Others who may get consideration are former Padres manager Bud Black, Angels third-base coach Gary DiSarcina, and White Sox third-base coach Joe McEwing. Another name being tossed around is former major-league catcher Scott Servais, who was an assistant general manager under Dipoto with the Angels. But he has no managing experience and is more likely to come to Seattle in an executive capacity. Don’t be surprised if Raul Ibanez, a finalist for the Rays’ managerial opening last year, gets a look. And if Dan Wilson is interested, it would be hard to not give the former Mariners catcher due diligence.

In describing the traits he is seeking in the next Mariners’ manager, Dipoto kept coming back to one word: Energy.

“Players need to be energized and inspired,” he said.

McClendon got credit for doing just that in 2014, when the 91-loss team he inherited was in playoff contention to the last day and won 87 games. This year, when the Mariners were one of the worst offensive teams in the majors for the first half, with a dysfunctional bullpen, they looked flat.
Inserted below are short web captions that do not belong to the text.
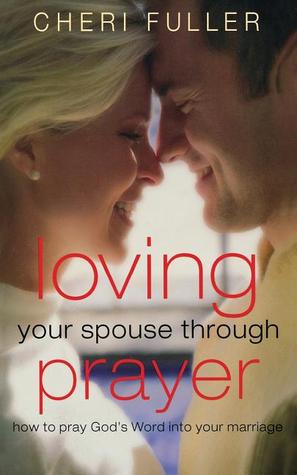 Loving Your Spouse Through Prayer: How to Pray God's Word Into Your Marriage (Paperback)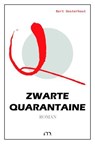 Zwarte Quarantaine - Bert Oosterhout - 9789464186031
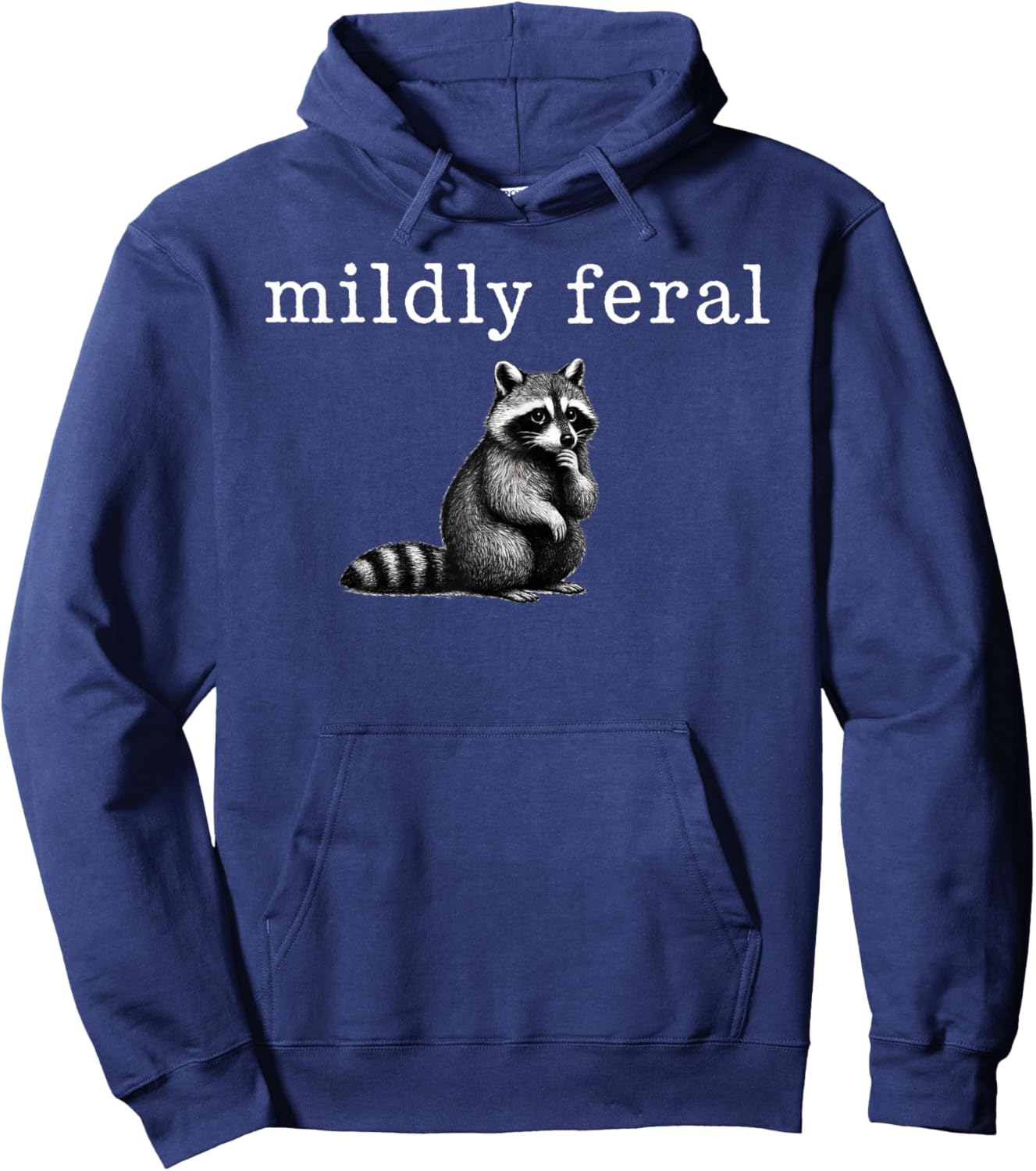 Mildly Feral Raccoon, Funny Sarcastic, Weird Girl Meme Hoodie - Hoodie | Navy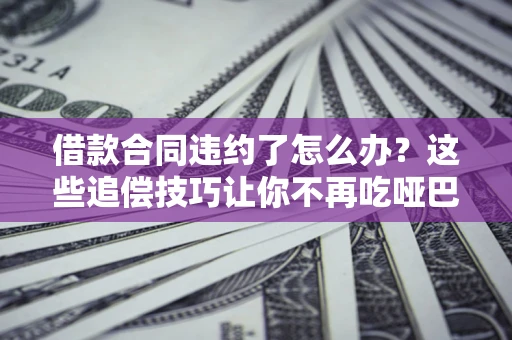 北京借款合同违约了怎么办？这些追偿技巧让你不再吃哑巴亏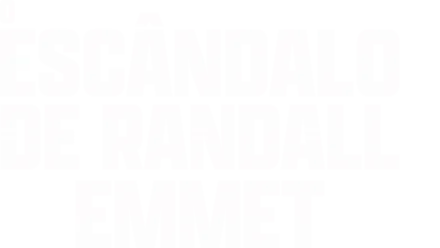 O Escândalo de Randall Emmet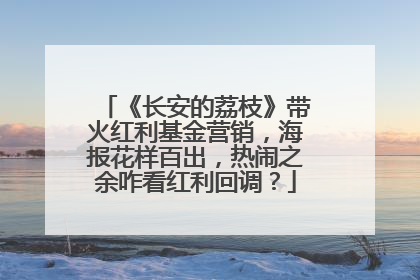 《长安的荔枝》带火红利基金营销，海报花样百出，热闹之余咋看红利回调？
But even Dipoto noted in the news release announcing McClendon’s firing that “it is a credit to his professionalism that the team continued to play hard through the final day of the season.”

I would argue that the bulk of the blame for this year’s Mariners’ team falls on Jack Zduriencik, the former general manager who took his own fall in late August. Zduriencik burdened McClendon with a roster that had more holes than were readily apparent when all the playoff hype hit in spring.

If you want to get technical, McClendon was probably doomed when Zduriencik was fired. McClendon was Zduriencik’s third manager, and the GM often said that he would be his last. Zduriencik knew he would not have the latitude to fire another manager and survive. He was, in essence, bound to McClendon.

Dipoto had no such ties, and so, the inevitable happened. Dipoto opted to annul his arranged marriage.